**BRIEF**
Only some lines are wanted. Transcribe, exactly, the lines below from the line with "Next is sound" up to and including the line with "And also use".

**DATA SUPPLIED**

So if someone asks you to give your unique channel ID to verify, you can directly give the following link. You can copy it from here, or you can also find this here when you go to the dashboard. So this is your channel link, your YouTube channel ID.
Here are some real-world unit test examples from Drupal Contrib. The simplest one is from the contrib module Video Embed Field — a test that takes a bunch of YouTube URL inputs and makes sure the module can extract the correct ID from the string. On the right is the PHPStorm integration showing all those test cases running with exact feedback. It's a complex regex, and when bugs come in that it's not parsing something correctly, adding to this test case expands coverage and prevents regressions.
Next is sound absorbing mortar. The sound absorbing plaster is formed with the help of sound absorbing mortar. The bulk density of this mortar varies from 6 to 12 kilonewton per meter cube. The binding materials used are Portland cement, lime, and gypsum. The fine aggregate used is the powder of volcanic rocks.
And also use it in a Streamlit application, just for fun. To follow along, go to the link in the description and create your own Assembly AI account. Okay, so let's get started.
---
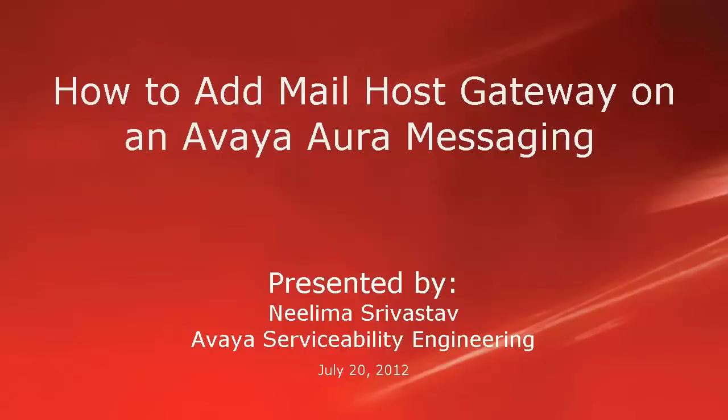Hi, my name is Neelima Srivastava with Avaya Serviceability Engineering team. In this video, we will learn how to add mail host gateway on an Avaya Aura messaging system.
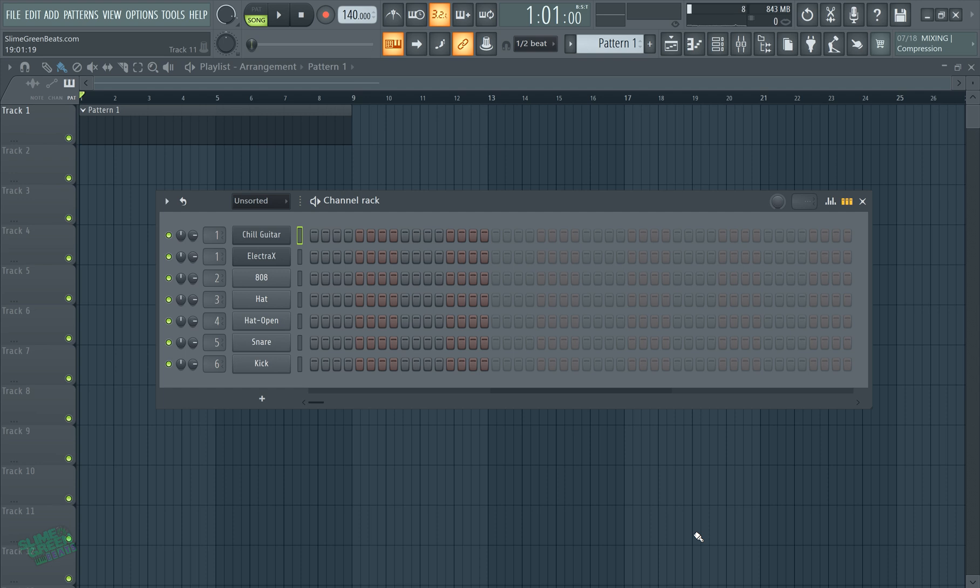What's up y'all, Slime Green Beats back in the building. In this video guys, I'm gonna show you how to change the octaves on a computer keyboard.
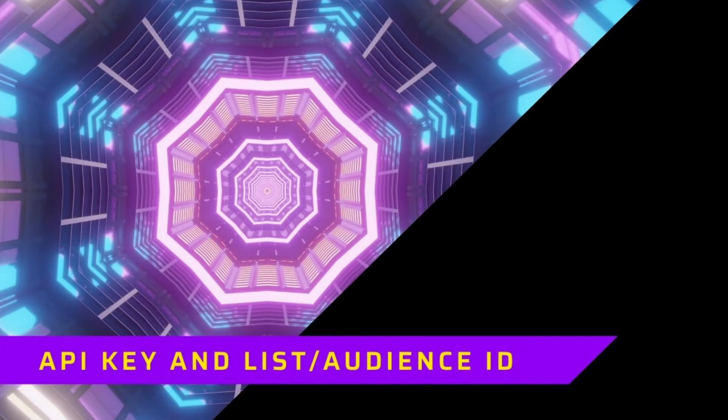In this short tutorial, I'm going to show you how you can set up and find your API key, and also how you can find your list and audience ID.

**ANSWER AREA**
Next is sound absorbing mortar. The sound absorbing plaster is formed with the help of sound absorbing mortar. The bulk density of this mortar varies from 6 to 12 kilonewton per meter cube. The binding materials used are Portland cement, lime, and gypsum. The fine aggregate used is the powder of volcanic rocks.
And also use it in a Streamlit application, just for fun. To follow along, go to the link in the description and create your own Assembly AI account. Okay, so let's get started.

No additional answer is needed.